• _TASK_
In the copy, keep every line below as it is and leave out the pictures.

• _DATA SEGMENT_
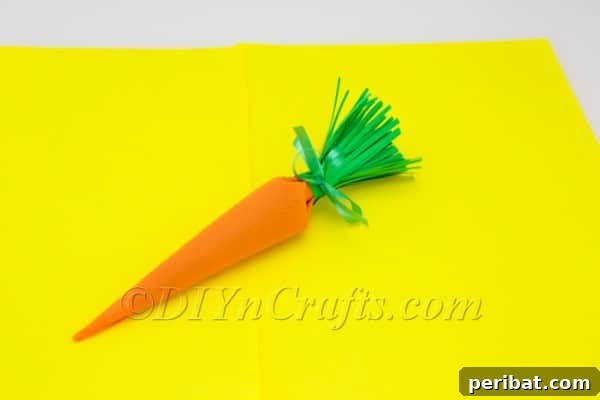 Close-up of the green ribbon tied securely around the top of the DIY carrot candy container.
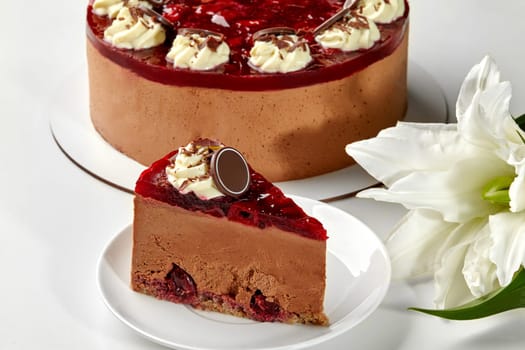 Slice of rich chocolate cheesecake with moist sponge and sweet cherries topped with berry jelly, whipped cream, and chocolate shavings, on background of whole cake and white flowers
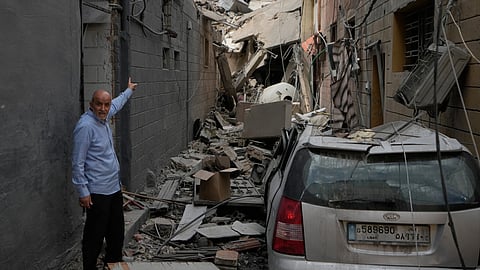  A man points into a destroyed building that was hit in an Israeli airstrike in Burj al-Shemali village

• _WRITTEN REPLY_
 Close-up of the green ribbon tied securely around the top of the DIY carrot candy container.
 Slice of rich chocolate cheesecake with moist sponge and sweet cherries topped with berry jelly, whipped cream, and chocolate shavings, on background of whole cake and white flowers
  A man points into a destroyed building that was hit in an Israeli airstrike in Burj al-Shemali village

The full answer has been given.